Le mot clé ici est «futur». Le comptable ne se contente pas d'évaluer la proportion des profits actuels découlant de la renommée du salon de coiffure. Il la projette dans l'avenir, sur un horizon de cinq ou dix ans et évalue ce qu'elle sera alors. Il peut ainsi mettre une valeur précise en dollars sur cet actif incorporel. N'oublions pas que la notoriété s'acquiert dans le temps et continue à faire son effet dans le temps. D'où la projection.

Trois approches

«C'est une des trois approches possibles pour accrocher une valeur précise à ce type d'actifs, reprend Sylvain Caron. Mais il y en a deux autres. On peut aussi évaluer un actif incorporel à ce qu'il en coûterait pour le remplacer.»

Dans le cas du salon de coiffure, on peut supposer qu'en plus de la patronne, il y a quatre excellentes coiffeuses, efficaces, créatives, courtoises, etc. On peut évaluer toutes ces qualités au coût entraîné par leur remplacement: salaires versés avant qu'elles n'atteignent le sommet de leur courbe d'apprentissage, les primes à la performance, la formation, les heures passées à les superviser, etc.
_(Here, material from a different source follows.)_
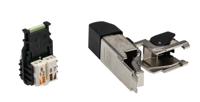 130047-8008 Molex 130047 Series Male RJ45 Connector, Cable Mount, Cat5e, Cat6a Straight 8P8C -Way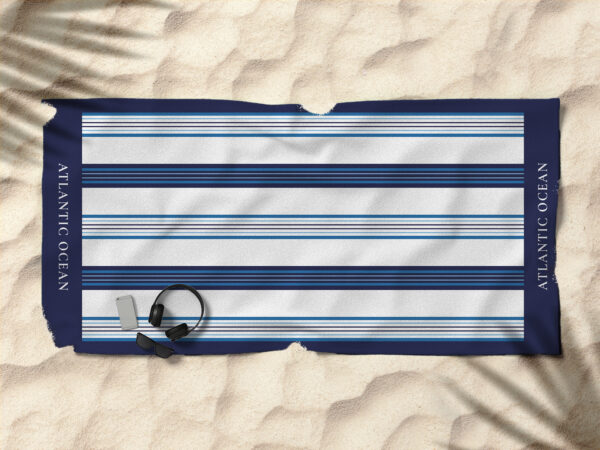 Telo mare jacquard zanzibar 100x180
Encore une fois, on arrive alors à une somme précise qui évalue un actif qui semblait de prime abord échapper à un calcul comptable.

Finalement, il y a la méthode comparative. Dans un passé récent et pour un type d'entreprise comparable, combien a-t-on payé pour un actif incorporel semblable? «Le marché nous fournit une bonne indication de la juste valeur d'un actif incorporel tel qu'un brevet ou un procédé industriel, assure Norman Jess. Depuis le resserrement des normes, ces comparaisons se font encore plus précisément.»